[Requirement] The following entries are to be repeated exactly, and the pictures are to be left behind.

##### Provided records

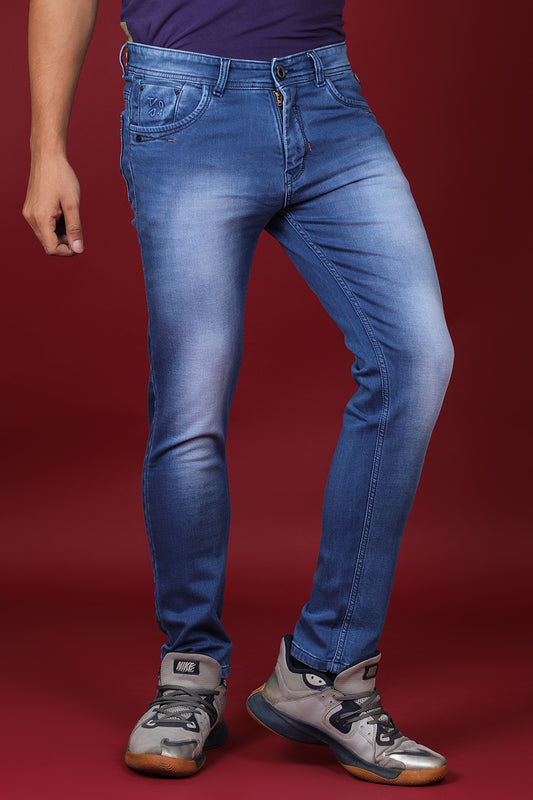 Men's Light Blue Denim Slim Fit Hexa-9004-1 Jean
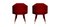 Maroon Beelicious Chair by Royal Stranger, Set of 2 1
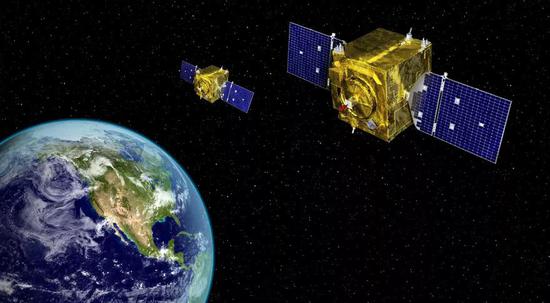  美国公开的GSSAP卫星示意图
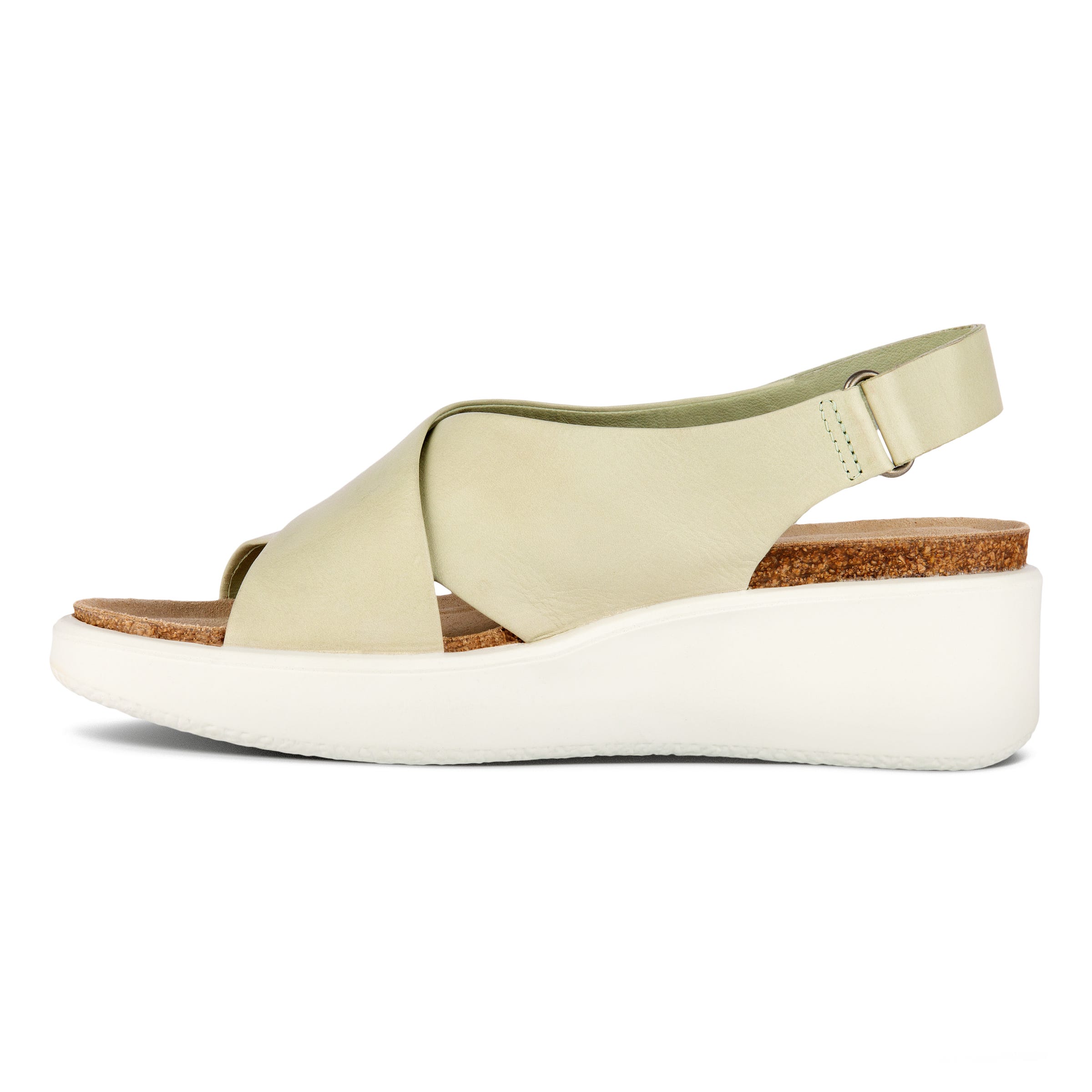 ECCO CORKSPHERE WEDGE SANDAL S - Green - Inside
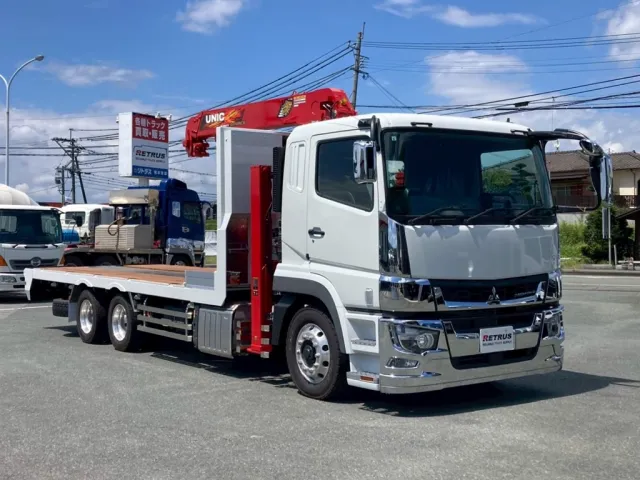 ホイールは、アルミ製です。|三菱 スーパーグレート 2PG-FY70HYの写真2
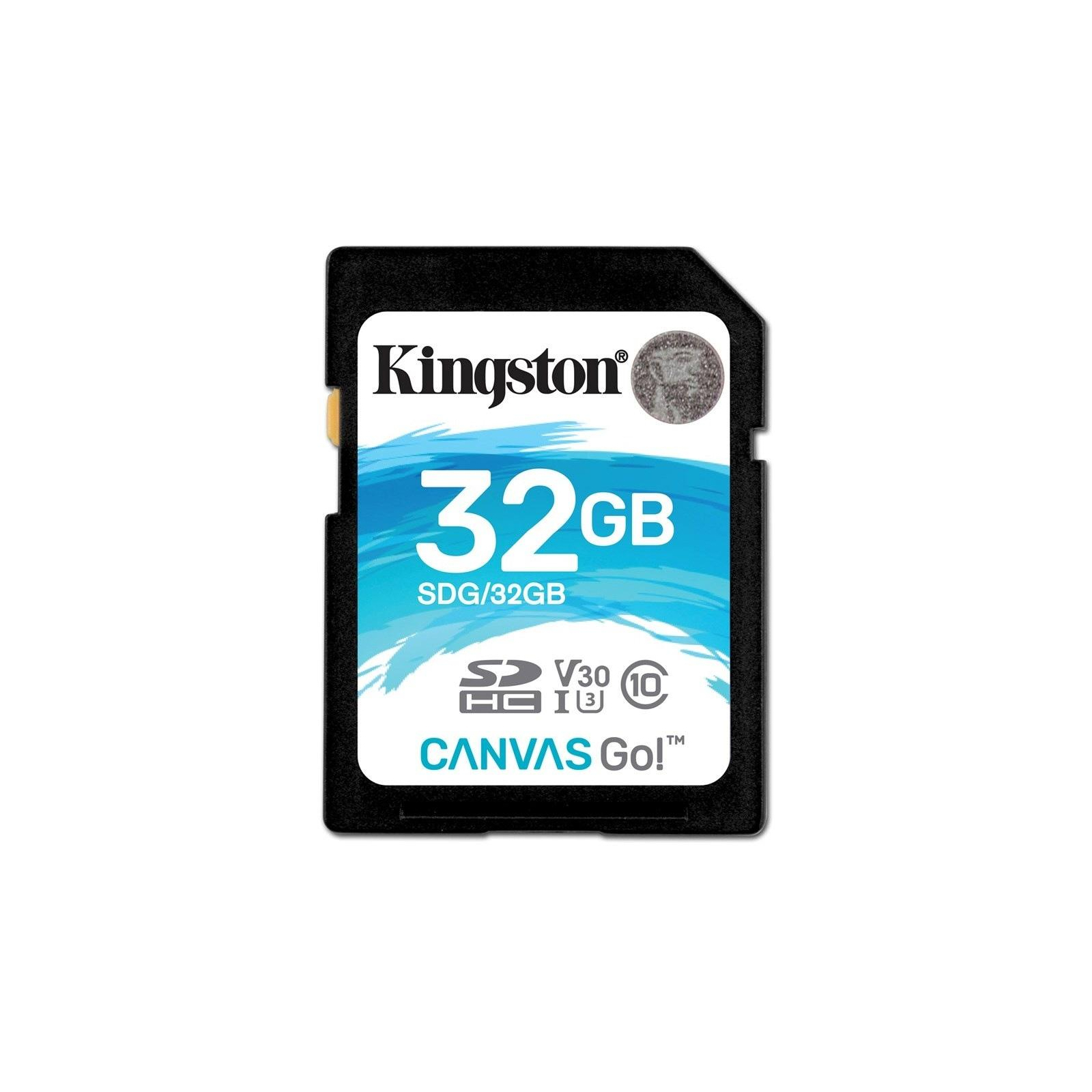 Карта памяти Kingston 32GB SDHC class 10 UHS-I U3 Canvas Go (SDG/32GB)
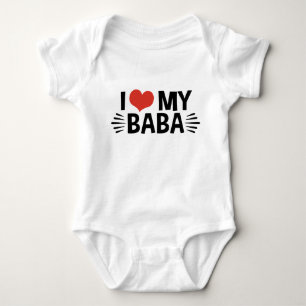 Ich Liebe meine Baba Baby Strampler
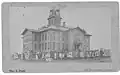 Central School and students in 1884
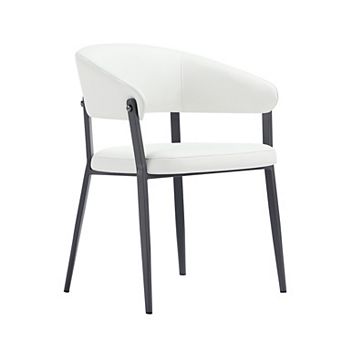 MANHATTAN COMFORT Belle Modern Upholstered Metal Dining Chair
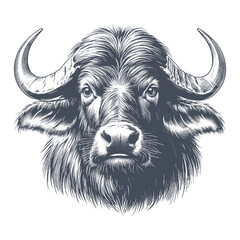 buffalo vector illustration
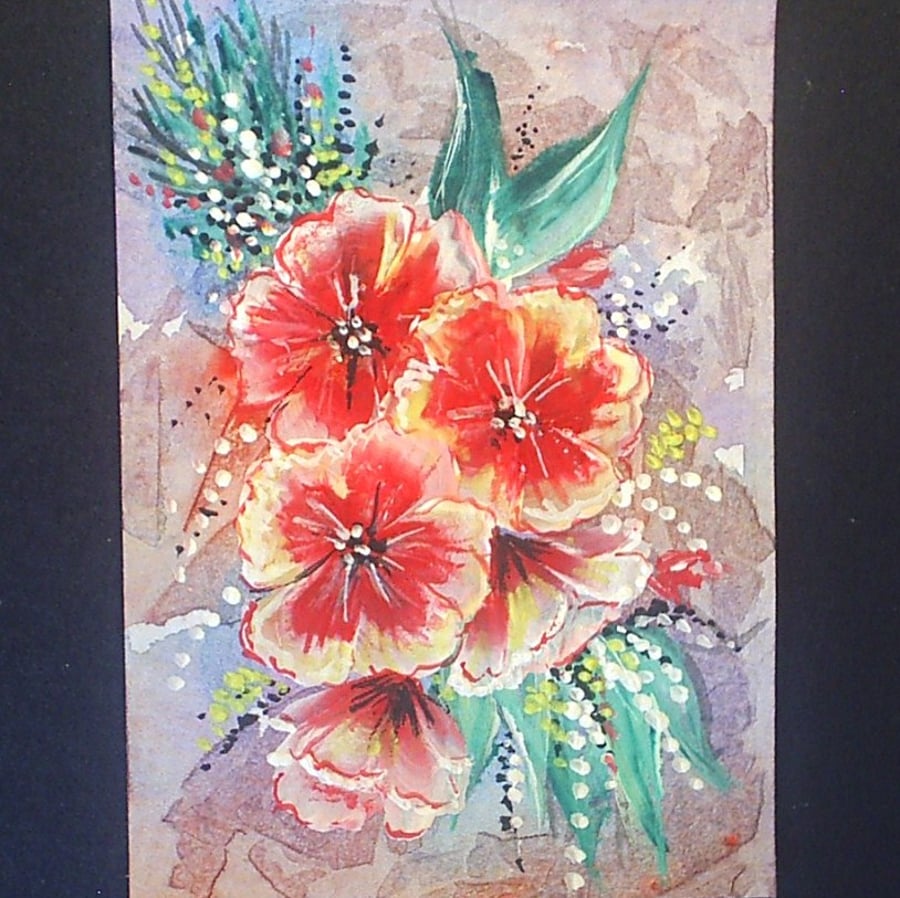 aceo original flower spray 4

##########

[Solved problem]
 Men's Light Blue Denim Slim Fit Hexa-9004-1 Jean
 Maroon Beelicious Chair by Royal Stranger, Set of 2 1
  美国公开的GSSAP卫星示意图
 ECCO CORKSPHERE WEDGE SANDAL S - Green - Inside
 ホイールは、アルミ製です。|三菱 スーパーグレート 2PG-FY70HYの写真2
 Карта памяти Kingston 32GB SDHC class 10 UHS-I U3 Canvas Go (SDG/32GB)
 Ich Liebe meine Baba Baby Strampler
 Central School and students in 1884
 MANHATTAN COMFORT Belle Modern Upholstered Metal Dining Chair
 buffalo vector illustration
 aceo original flower spray 4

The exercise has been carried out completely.